The shorter classes provide more frequent opportunities to refresh their brains, Van Eck said. “I’m hoping that it creates a better learning environment.”

Van Eck was not on the board when it voted to move to a four-day week.

The transition is in process now, he said. “My next goal is school improvements, needed maintenance and repairs. The bond is a great starting point.”

Van Eck is married to Trisha Van Eck, who is a classified employee at Foster School. They have four children, two still in school, Alana Van Eck, a senior at SHHS; Jada Autry, a seventh-grader at Sweet Home Junior High, and two adults, Colyn Van Eck and Taylor Conn.

Van Eck is a sergeant with Sweet Home Police Department.

Jason Redick

Redick, who has served multiple terms as board chairman, believes that the School Board is an important place to be involved in the community.

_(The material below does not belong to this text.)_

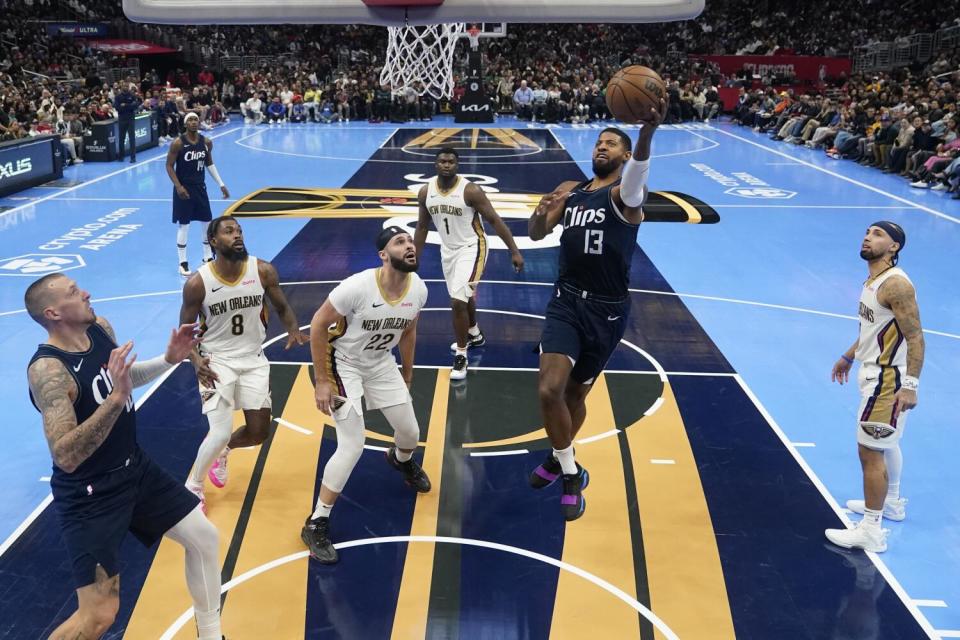 Clippers forward Paul George scores against the Pelicans during a game.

“I think there’s a lot of good that comes from volunteering this way,” Redick said. “I like to think I’m contributing to the future of our community and our kids.

“I think the most important issue going forward is to stabilize our teacher pool. We’re struggling to keep new teachers.”

Sweet Home is becoming a kind of training ground, Redick said, and he would like to see the district improve longevity among teaching staff.

“I think that we’re addressing it currently by actively recruiting people that want to be in our area,” Redick said. The board is looking at salaries on the lower part of the salary schedule and working to build a culture among them where Sweet Home is a place they’d like to live for a long time and raise their children.

The issue relates to student performance on state tests, he said. A lot of factors contribute to how well students perform on assessment tests, and this is one of them.

Redick is married to Amanda Redick, who is a classroom assistant at the Sweet Home Charter School. They have two adult children, Gabriel and Gavin, and one granddaughter.

Redick is a warehouse worker at Target Distribution Center in Albany.

Jim Gourley

Gourley, who wrapped up 24 years on the Sweet Home City Council on Dec. 31, 2016, had no plans to run for School Board, he said.

“And then I got told there wasn’t a lot of people running.”

Incumbent Michael E. Adams had filed for the position but then withdrew from the election. That’s when Gourley filed.

“I think the No. 1 issue is always going to be school funding and how we spend the money,” Gourley said. “We have to look at the monies we get from different areas and decide how best to use them.

“We have to make sure we have our buildings in good shape and that they’re able to be used for the functions they are meant to be used.”

The district needs to take care of its employees, he said, and make sure “that they have what they need to have to do the job.”

There’s a big difference between having funding and getting it where it needs to go, Gourley said. “It needs to be used on the kids and their programs and their classes.”

Gourley thinks the district is doing that, he said, but “I think that you have to continue to look at that over and over every year to make sure you’re doing that.”

Gourley is married to Lisa Gourley, who is a classified assistant at SHHS. They have four adult children, Cindy, James, Kim and Laura, all of whom graduated from the high school. They have five grandchildren, including one granddaughter who is attending school in Sweet Home.

While serving on the City Council, Gourley was mayor for six years and president pro tem for 14 years. He is a millwright at Cascade Pacific Pulp in Halsey.

Benjamin Emmert

Emmert is a write-in candidate for Zone 2, Liberty. The New Era previously reported Emmert’s candidacy in its April 12 edition. If elected, he will succeed Jenny Daniels, who did not file for reelection.

Emmert is a presale forester with Cascade Timber Consulting. He is married to Amanda Emmert. They have no children.

He told The New Era that he supports the move to a five-day week and the district’s bond request, which will fund major renovations at SHJH and minor projects at eaver other school.

April 25 is the last day to register to vote.

April 26 is the first day for the clerk to deliver local ballots to the Post Office for the May 16 election.

Ballots may be returned by mail or dropped off at City Hall or the Sweet Home Police Department.